I know what you mean about the U bolts too, bolts and nuts are junk after Galling, I am on a second set now. Good advice about the anti sieze!!!


----------



## BigE (Oct 11, 2010)

Along with the set up blocks, use a cordless drill to loosen / tighten the bolts. Really speeds the process up.


----------



## mrbentontoyou (Oct 12, 2010)

i thought snapping and replacing those u-bolts was half the fun???
the riser blocks are a perfect solution.

what's really annoying is that you can't get a scrench or a socket on the bolts clamping the mill to the guide bar when you're at a decent depth of cut to replace chains (or tension new ones on a husky). now i'm in the market for a 13mm ratcheting box wrench, of all things.


----------



## BobL (Oct 12, 2010)

Well some of you know I'm a fan of cam locks in conjunction with all thread rod adjustment. This allows me to dial the cut in to exactly a line on the end of the log or dial to a block height as per mntguns method. Th






It's not easy to make but a joy to use. Full discussion here.

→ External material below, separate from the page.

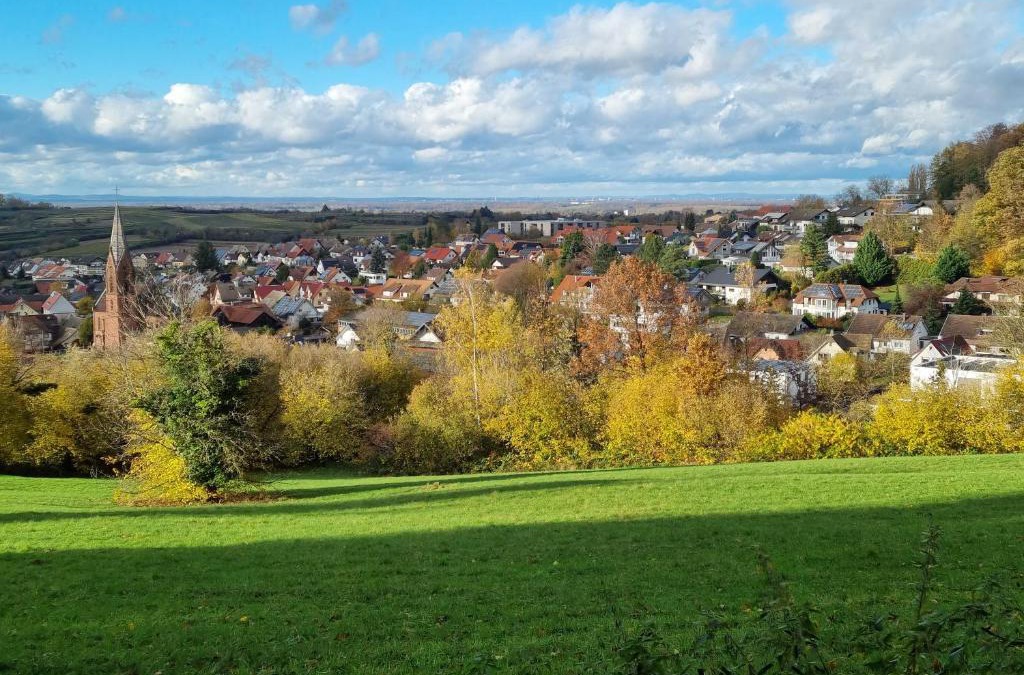 Friesenheim Apartment | Ferienwohnung Waldblick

On my new mill I'm using C-Channel uprights with with a dual bolt and plate locking mechanism. Replacing the dual bolt and plate lock with cam locks is being left for a possible upgrade


----------



## huskymac (Oct 18, 2010)

*Rockler cam clamps*

I don't have a picture but here is a link. 

http://www.rockler.com/product.cfm?page=10602&filter=jig clamp

I have a bunch of these Ive been using on my drill press and various shop jigs. They work very well on my mill and the threading is the same as the stock U bolts. You will want about a 1/2 inch nylon collar to move the clamp out from the uprights.


----------



## starsailor (Oct 26, 2010)

Has anyone tried these Rockler cams on their Granberg yet? I'm already on my second set of U-bolts and think they're a real PIA. Even with some anitsieze the threads still gaul and wear out pretty quickly. The worst part of the mill by far. I was thinking of using for some hardened U-bolts, like those used to hold the bearing cups on an auto or truck U-joint, but I have yet to see any big enough to fit the mill.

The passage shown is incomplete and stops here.